The Cold War – 1990

The steel mill continued to dominate the neighborhood, but residents diversified, finding work in fishing, canneries, flour mills, Boeing, and other Seattle employers. Over the years, the tideflats were filled, and the port grew on the north side of Spokane Street, once considered a highway.

During World War II, the few Japanese-American families in Delridge went to internment camps, and temporary war-worker housing crowded the playfields and empty lots. An influx of workers from the Midwest and South changed the neighborhood’s demographics. By 1990, Filipinos, Koreans, Samoans, and African-Americans made up more than one-third of the population; the high incidence of home ownership during the 1950s declined and the number of renters increased.

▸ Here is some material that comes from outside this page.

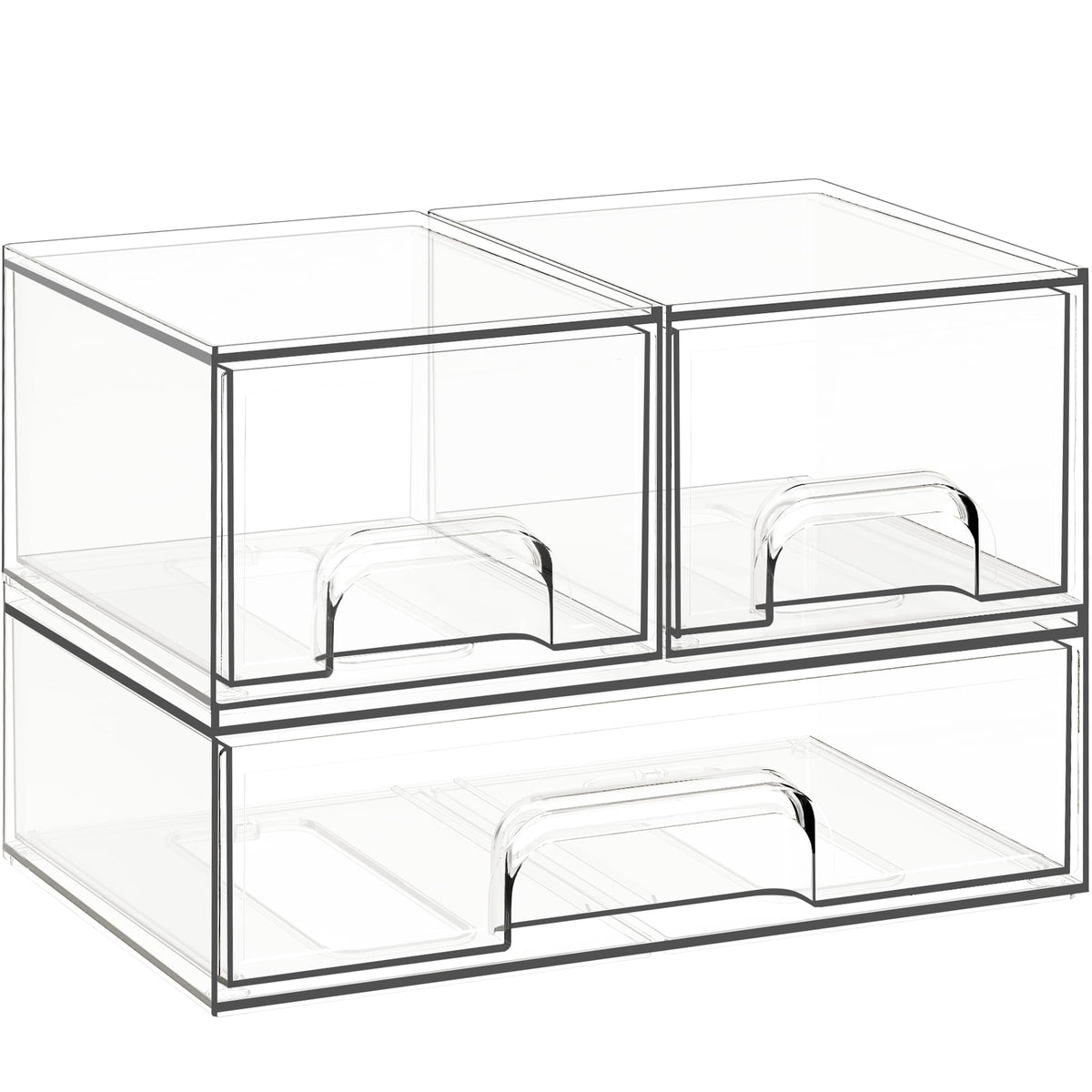 Criusia Stackable Storage Drawers, 3 Pack Clear Acrylic Makeup & - Image 1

South Seattle Community College opened on the top of Puget Ridge in 1969. Traffic increased; larger businesses and office buildings crowded out neighborhood businesses. But over the years, the greenness of Delridge—its potential for landslides, periodic flooding, its ravines and creeks saved it from rapid development.

A ten-year effort, led by Seattle Public Utilities and Parks and Recreation, restored Longfellow Creek to health and blazed a heritage trail from Yancey Street south of the steel mill to a bog at Roxhill. In recent years, Delridge Neighborhoods Development Association has converted the old Cooper School to the Youngstown Cultural Arts Center, funded low-income housing, and envisioned a new Delridge Library integrated with housing and street-front space for small businesses and offices.

Throughout the years, Delridge has maintained its reputation as a boot strap community.